In the Science Commons meeting Creating a Vision for Making Scientific Data Accessible Across Disciplines (see earlier post) Andrew Lawrence (Royal Observatory Edinburgh) illustrated the wide range of “ownership” of data even in a single discipline – physics – I hope my notes do it justice.
Distinguish “ownership” from re-use. I can continue to own data while allowing others to use it. Legal constraints (formal) vs. community practices (informal). Data (private until publication) vs. knowledge (public, universal). Technology and policy must address all of these.
He showed a knowledge chain:
- raw data (directly from instrument)
- calibrated data (skymaps, catalogues)
- physical properties (particular knowledge)
- understanding (properties in general)
Generally the data in 1/2 “belong” to the experimental team and are separated from 3/4 by the “public ownership line”
In physics he described three communities:
- Condensed matter (solids, liquids, surfaces, etc.) generally done in small labs and small teams, sometimes needing experiements on a facility such as a reactor or synchrotron. Data are very sensitive until publication after which they are thrown away. However there is political pressure (especially from the funders and facilities) to re-use the data.
- Particle Physics. The epitome of big science, big facilities (CERN, etc.) big teams often with “Stalinist” control. Data belongs to the project with elebaorate rules for access and re-use. Good data infrastructure (these people gave us the Grid). The assert that data re-use is pointless (who else could re-use it?) but offer the infrastructure for re-use
- Astrophysics. (small) Big facilities (telescopes) but small teams – might get a few nights use at a time. Analyze, publish, throw away. BUT the facilities archive all the data – they are private for a year and then anyone can access them. There are standards for archival, formats, access, analysis. The “Virtual Observatory” provides data that are “science ready” – i.e. a potential user should be able to understand the provenance and know how to use them. (big) Systematic surveys (e.g. Hubble telescope) which produce “science-ready” archives. Everything is public from the start. “The archive becomes the sky”

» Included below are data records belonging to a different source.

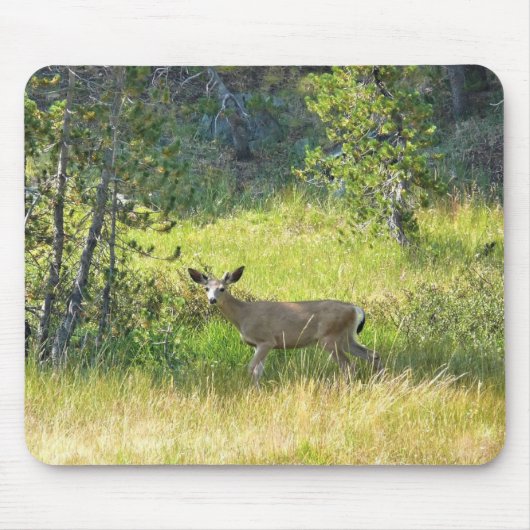 Young Buck in Yosemite, CA Muismat (Voorkant)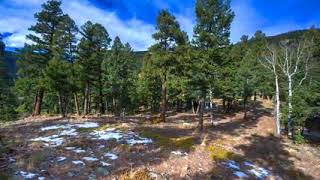 977 snyder mountain road evergreen co 240p 3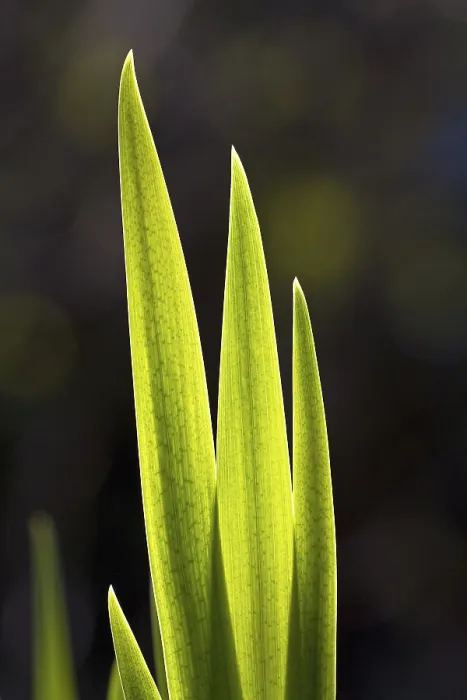 Framed Print : Flag Iris Leaves in Spring Print Framed Print : Flag Iris Leaves in Spring Print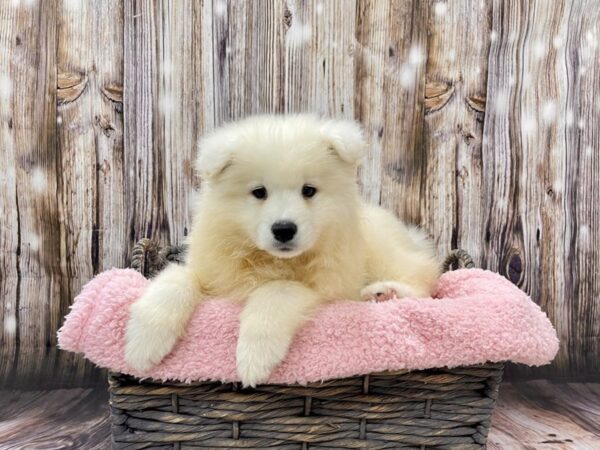 Samoyed DOG Female White 21461 Petland Fort Myers, Florida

The Virtual Observatory has a small set of professional service centres and a large set of end-users. Andrew finished by making a case for global standards, well-funded data centres, infrastructure in software, and data servers.
So where are other subjects in this? I traditionally look to biosciences with envy for their open data and requirements to publish. But even here we are under threat. Tim Hubbard quoted Graham Cameron as saying that IPR restritions would have made it impossible to build the European Bioinformatics Institute today. And universities continue to urge IPR protection which is rapidly creating the anticommons. In crystallography there is an enviable requirement to publish data alongside full-text articles. Some publishers (rightly) regard this as copyright-free while others (to be named-and-shamed later) carry out creative works by adding their copyright to experimental data.
And chemistry… … mainly publish and throw away… …most data is lost. Our SPECTRa project is looking at why this is so – so far our findings show it is social factors (“ownership”) that are the main factor. And re-use? We publish hamburgers so there aren’t many cows.